The MesoCase Study: Mesothelioma Case-Control and Rapid Case Ascertainment Study - Project Summary/Abstract
Despite steep declines in asbestos usage since the 1970s, the burden of mesothelioma within the United
States has not decreased proportionately. The lack of decline is particularly pronounced among women, in
whom mesothelioma rates have remained stable for more than three decades. Although the relationship
between occupational asbestos exposure and mesothelioma is well-described, our understanding of non-
occupational risk factors is limited. Current lags in the cancer registry network enrollment contribute to delayed
patient identification, preventing early intervention. Due to delayed patient identification, previous studies
primarily relied on unvalidated proxy interviews for risk exposure assessment. In this project, I will collaborate
with the California Department of Public Health's Occupational Health Branch (OHB) and the California Cancer
Registry (CCR) to create a novel case ascertainment system in order to mitigate these issues. This study's
central objective is to use rapid case ascertainment and exposure assessment to elucidate non-occupational
asbestos exposures that are associated with the development of mesothelioma. To assess this, I will conduct a
case-control study to determine the non-occupational exposures to asbestos utilizing a novel case
ascertainment strategy (Aim 1). The secondary objective of this study is to assess the feasibility of creating a
rapid mesothelioma case ascertainment program that could facilitate future research and treatment (Aim 2). A
rapid cancer-reporting system will create a mechanism for rapid exposure assessments within the public health
surveillance system, allowing us to assess cancer risk factors accurately. The proposal is directly responsive to
NHLBI's Strategic Vision to "develop and optimize clinical and implementation research to improve health and
reduce disease" (Objective 6).

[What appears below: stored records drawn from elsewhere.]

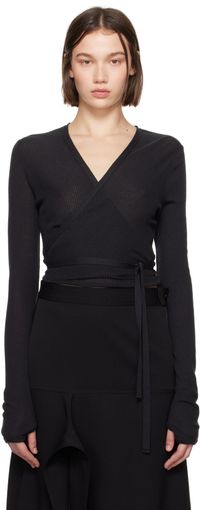 LEMAIRE Cardigan noir à assemblage cache-cœur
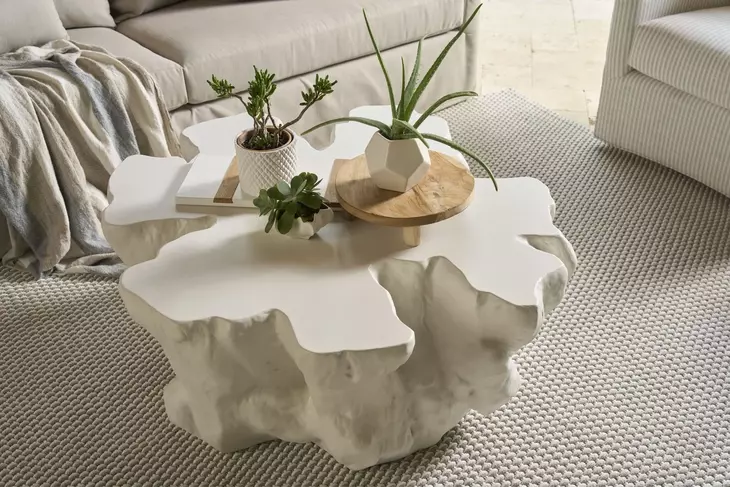 Oasis White Concrete Free Form Cliffside Outdoor Cocktail Table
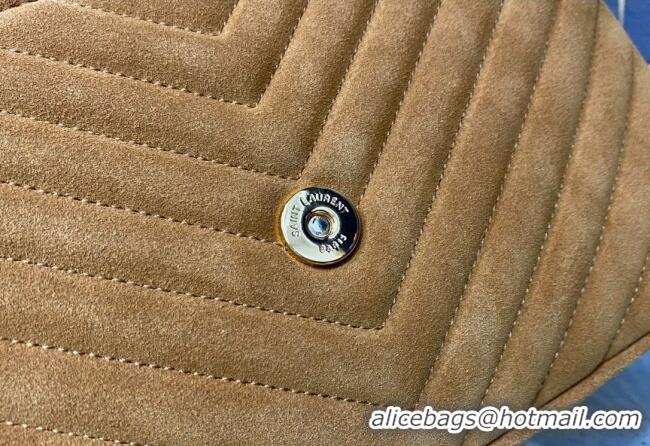 Best Price Saint Laurent College Medium Chain Bag in Quilted Suede 487213 Camel Brown 2024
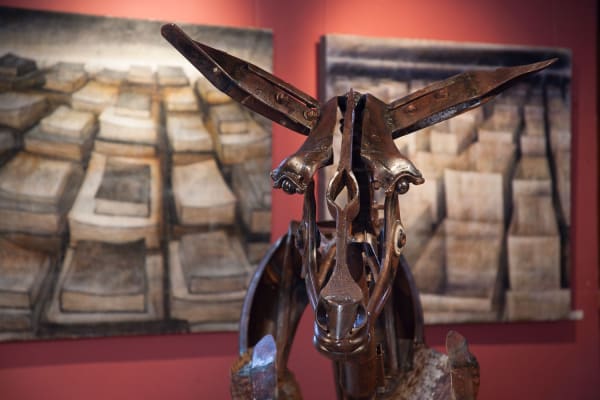 HELEN DENERLEY 'donkey' head and PETER WHITE's 'boxes' and 'books' AUGUST 2017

Additionally, by developing innovative approaches to integrate multiple forms of
data such as natural language processing, exposure history questionnaires, registry metadata, geo-mapping,
exposure assessments, and outcome data, our project also fulfills the goal of "leverag[ing] emerging
opportunities in data science to open new frontiers in HLBS research" (Objective 7). Through improved public
health surveillance and risk assessment, exposures can be mitigated, bolstering cancer prevention efforts. This
is particularly important to elucidating the preventable, non-occupational asbestos exposures related to
mesothelioma. Furthermore, this award will serve as a foundation for training Dr. Sheiphali Gandhi, a fellow at
the University of California San Francisco, to prepare her for her academic research career. This fellowship will
provide her with the necessary support to hone her epidemiology and biostatistical skills in order to become an
independent physician-scientist studying the epidemiology of occupational and environmental lung diseases.